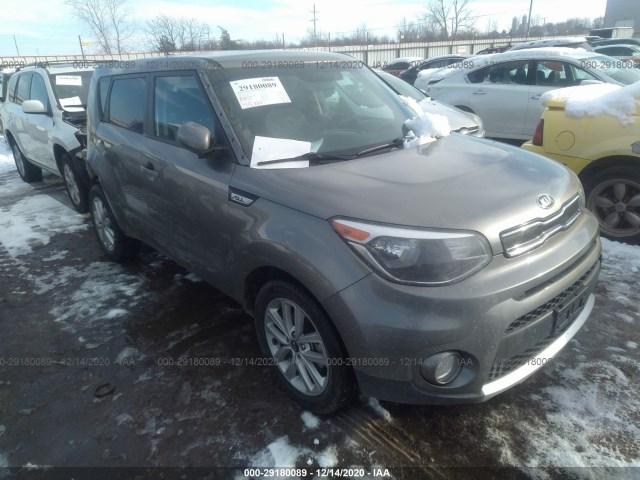 KIA SOUL 2018 kndjp3a50j7617354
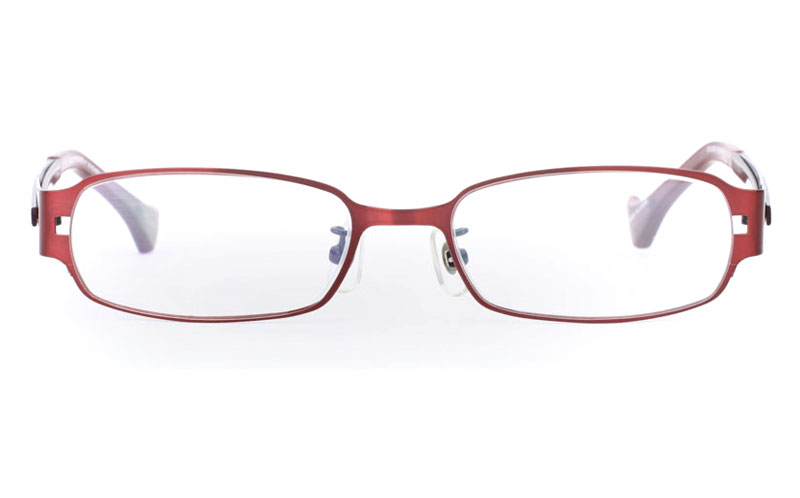OD-2697 Stainless Steel/ZYL Full Rim Womens Optical Glasses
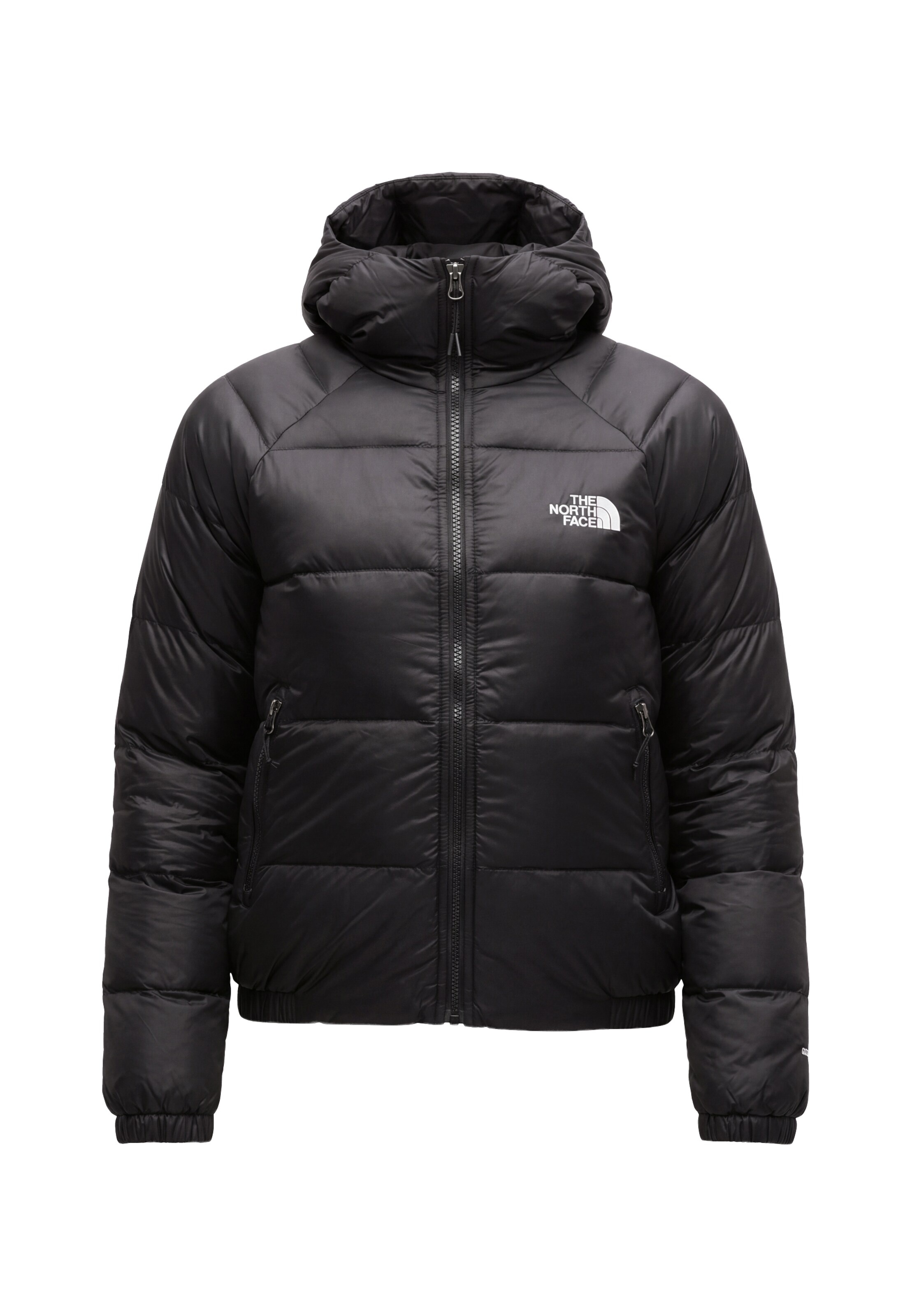 melns THE NORTH FACE Āra jaka 'HYDRENALITE': no priekšpuses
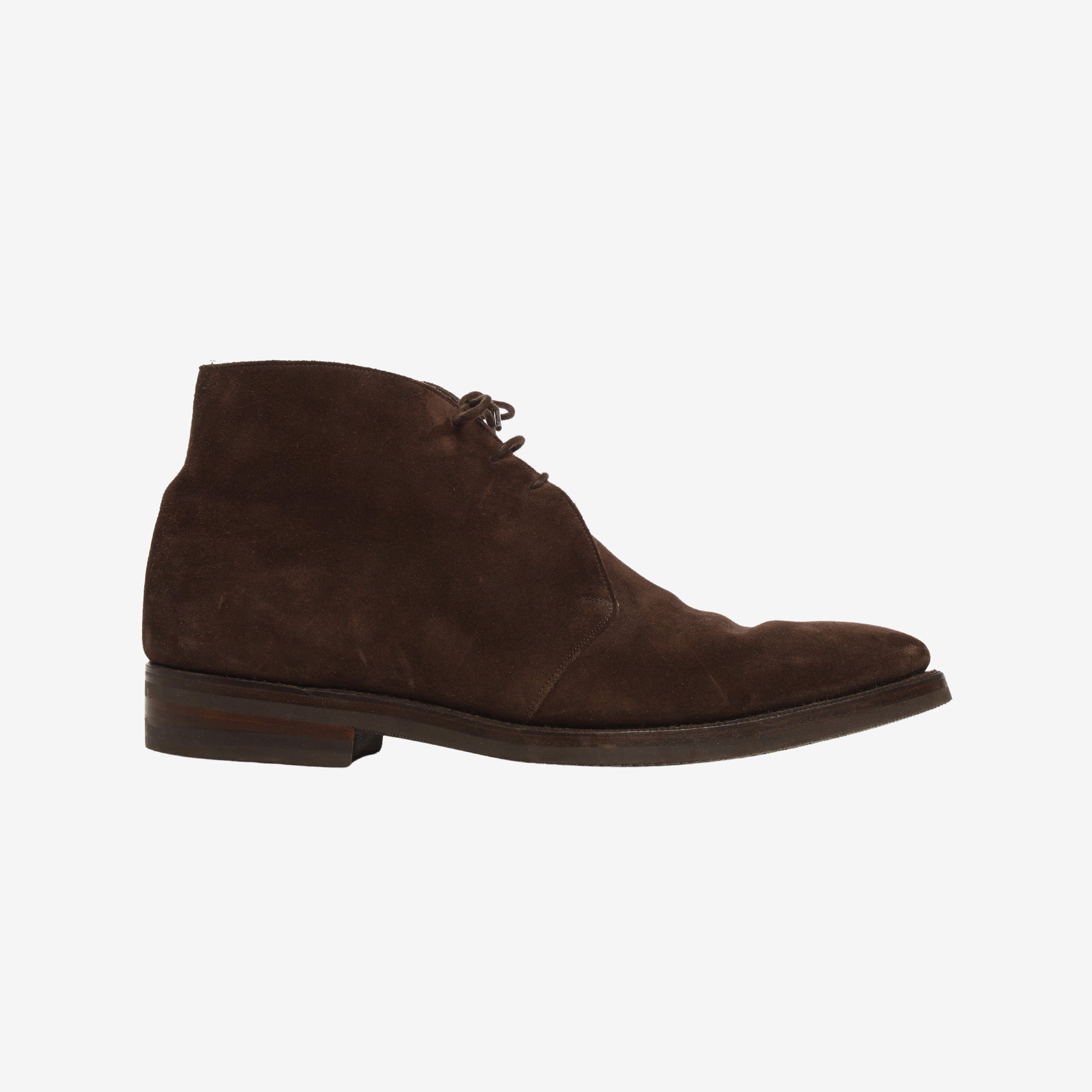 Avion Suede Chukka Boots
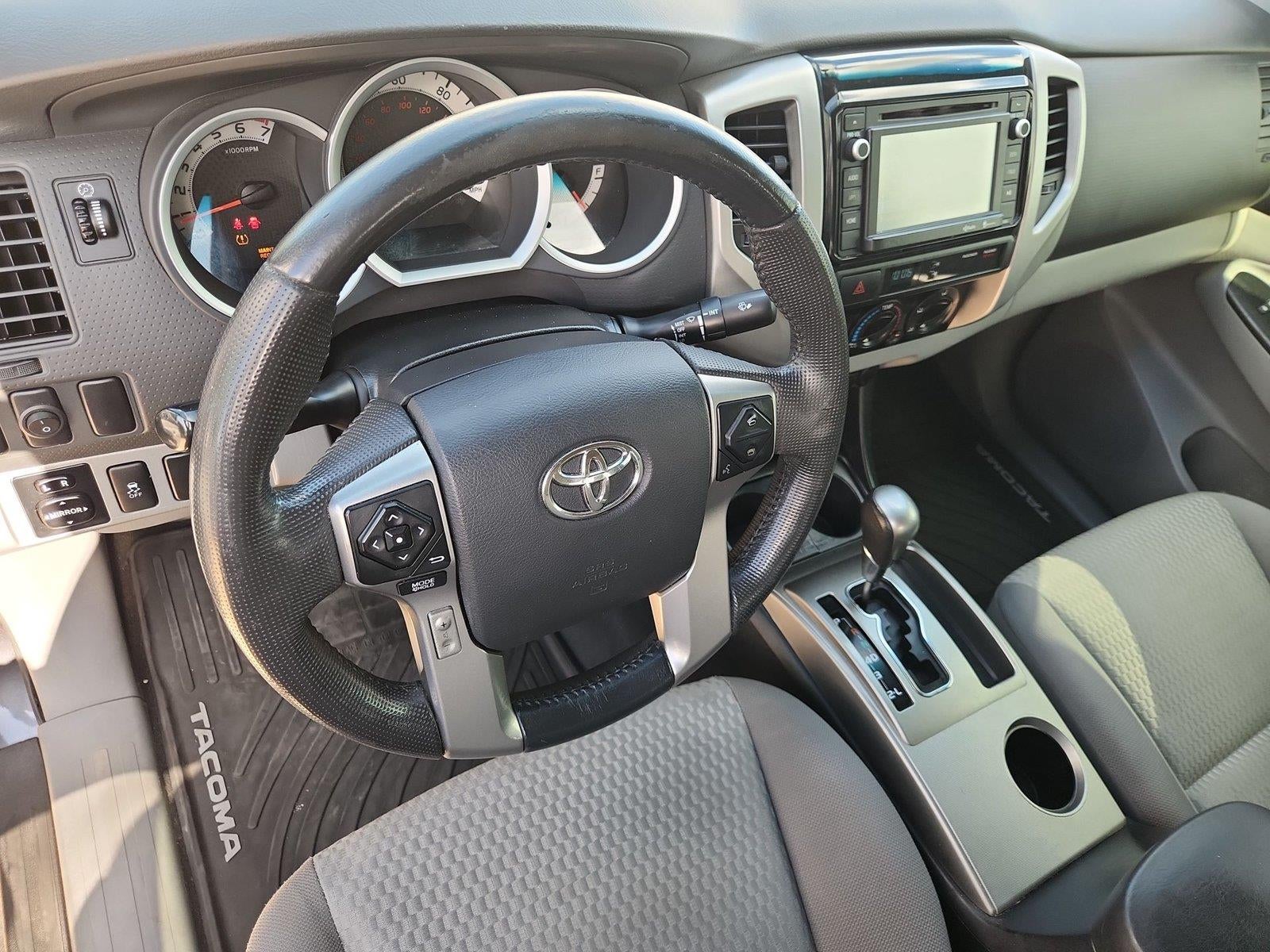 2014 Toyota Tacoma PreRunner V6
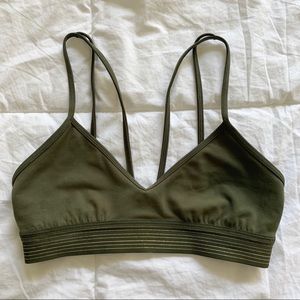 Lululemon Sports Bra (PERFECT CONDITION)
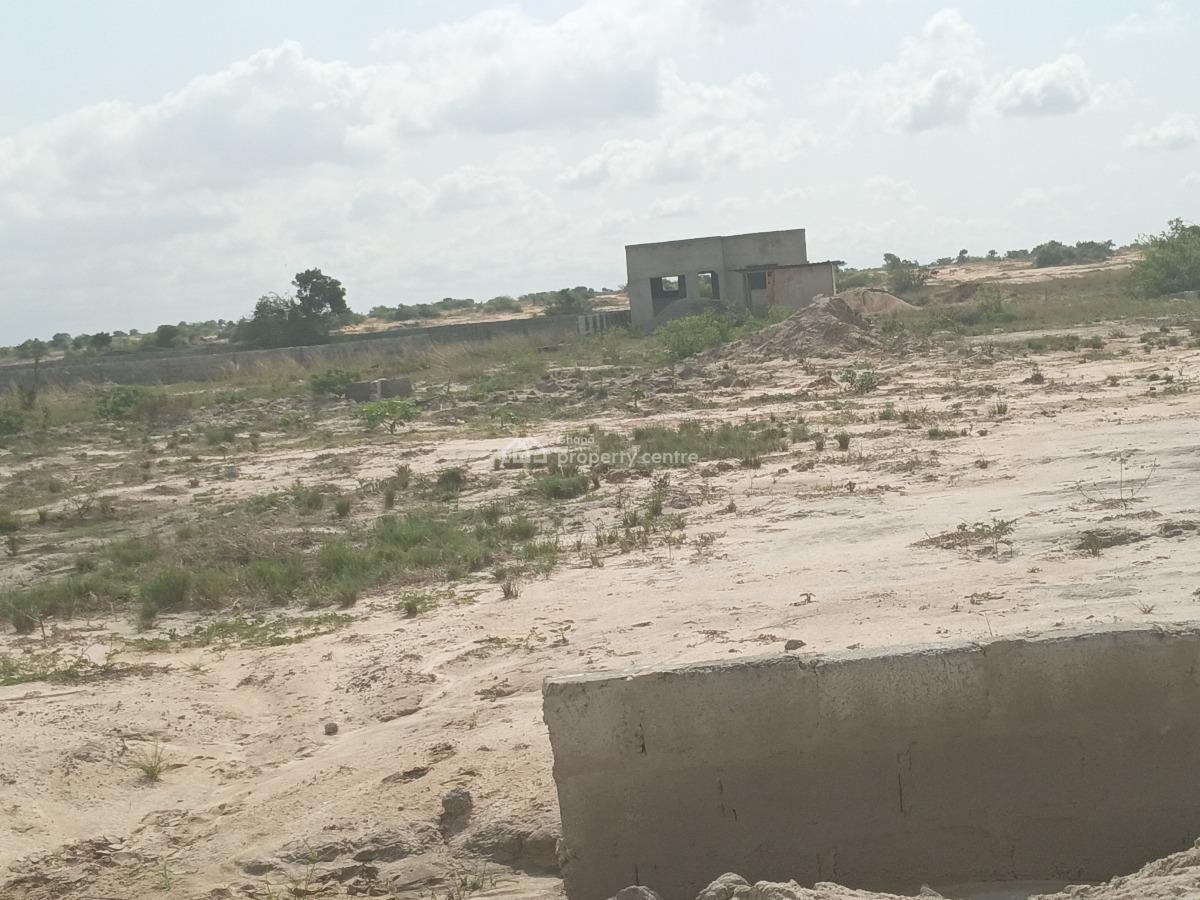 Own Verified Land Before March Ends, Skyport City Phase 2, Tsopoli, Ningo Prampram District, Accra, Mixed-use Land for Sale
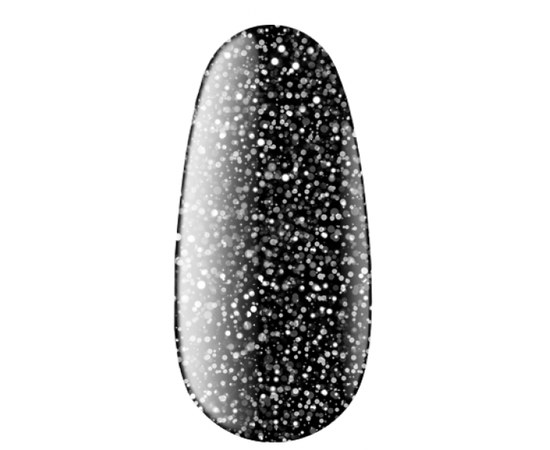 Изображение  Gel polish for nails Kodi No. 120 BW, 8 ml, Volume (ml, g): 8, Color No.: 120 bw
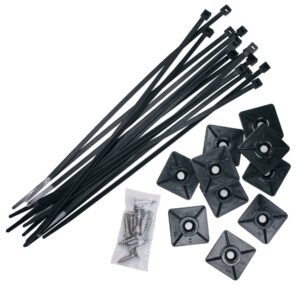 CABLE CLAMP 27x27MM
◆ ◆ ◆ ◆
INSTRUCTIONS TO FOLLOW:
Without including any picture, write out the material above verbatim.

TASK SOLUTION:
 KIA SOUL 2018 kndjp3a50j7617354
OD-2697 Stainless Steel/ZYL Full Rim Womens Optical Glasses
 melns THE NORTH FACE Āra jaka 'HYDRENALITE': no priekšpuses
 Avion Suede Chukka Boots
 2014 Toyota Tacoma PreRunner V6
 Lululemon Sports Bra (PERFECT CONDITION)
 Own Verified Land Before March Ends, Skyport City Phase 2, Tsopoli, Ningo Prampram District, Accra, Mixed-use Land for Sale
 Изображение  Gel polish for nails Kodi No. 120 BW, 8 ml, Volume (ml, g): 8, Color No.: 120 bw
 CABLE CLAMP 27x27MM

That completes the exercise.